Ask HN: Why does a bachelor degree in business sucks so much? - pedrodelfino
I truly think that majoring in business is a really bad choice. I was discussing this topic with a friend and I presented a few arguments. However, I would like to listen to HN community. I think most of you will agree with my position. If so, which arguments would you use?
======
mindcrime
_I think most of you will agree with my position._

You might be surprised. I personally don't see any problem with majoring in
business _depending on what your goals are_. I mean, if you want to analyze it
simply in terms of "expected lifetime economic return", then majoring in
business probably actually comes out ahead of majoring in computer science
when you consider that most CEOs of large companies come from a "business"
function within their enterprise, and not engineering. And CEOs tend to get
paid a LOT more than engineers.

Of course, there possible exception is the "founder / CEO" who has a tech
background and founds a startup and remains CEO. So there are clearly multiple
paths to success, depending on how you define success.
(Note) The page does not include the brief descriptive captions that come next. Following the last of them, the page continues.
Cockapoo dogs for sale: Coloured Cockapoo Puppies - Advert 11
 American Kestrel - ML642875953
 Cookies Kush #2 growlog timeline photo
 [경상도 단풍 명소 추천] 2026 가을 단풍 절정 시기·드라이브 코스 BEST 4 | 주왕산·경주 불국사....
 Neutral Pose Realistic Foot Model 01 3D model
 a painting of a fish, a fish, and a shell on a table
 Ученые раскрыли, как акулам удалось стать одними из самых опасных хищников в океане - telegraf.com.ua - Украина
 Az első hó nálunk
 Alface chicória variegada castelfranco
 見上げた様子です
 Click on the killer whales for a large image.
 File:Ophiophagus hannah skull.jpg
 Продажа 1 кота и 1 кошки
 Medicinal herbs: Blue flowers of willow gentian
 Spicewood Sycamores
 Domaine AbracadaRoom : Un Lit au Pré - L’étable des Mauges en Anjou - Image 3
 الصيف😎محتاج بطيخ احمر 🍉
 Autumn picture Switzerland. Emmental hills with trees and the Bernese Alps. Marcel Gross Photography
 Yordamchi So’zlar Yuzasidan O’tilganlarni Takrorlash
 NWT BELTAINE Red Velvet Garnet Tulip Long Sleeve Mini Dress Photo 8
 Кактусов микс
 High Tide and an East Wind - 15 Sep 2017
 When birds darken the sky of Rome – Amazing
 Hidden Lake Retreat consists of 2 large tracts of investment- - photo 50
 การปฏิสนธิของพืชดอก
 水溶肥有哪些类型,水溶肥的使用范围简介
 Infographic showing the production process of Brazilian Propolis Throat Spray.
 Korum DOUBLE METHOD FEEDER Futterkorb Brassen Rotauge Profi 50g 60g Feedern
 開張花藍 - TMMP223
All of that said, I think there's a lot to be said for having both engineering
knowledge/skills AND business knowledge / skills. In my ideal world, I'd have
liked to have gotten a B.S. with a triple major in like C.S., business (or
marketing) and applied mathematics (or maybe statistics), or something like
that.

Of course, one could always get an undergrad degree in a technical field (cs,
ee, math, etc.) then go back and do a separate degree in business - perhaps an
"executive MBA" for the time crunched.

Anyway, I'd put Business ahead of "women's studies", "medieval history" and
any number of other majors in terms of economic value. BUT... again, for any
given individual, economic value may not be the sole criteria they're
evaluating things on. So it's really down to the individual.

------
mswen
Getting a technical/scientific undergraduate degree teaches you to think more
logically and gives you the tools to understand the technical underpinnings of
the modern world.

I have a friend with a BS and MS in Software Engineering and now his company
pays his tuition as he pursues an MBA and he is managing a team of about 15 to
20 engineers and developers within a Fortune 500 company. It feels like that
combination is really powerful.

------
alexandercrohde
"Conjoined triangles of success." Enough said. (note I'm software engineer and
a business major)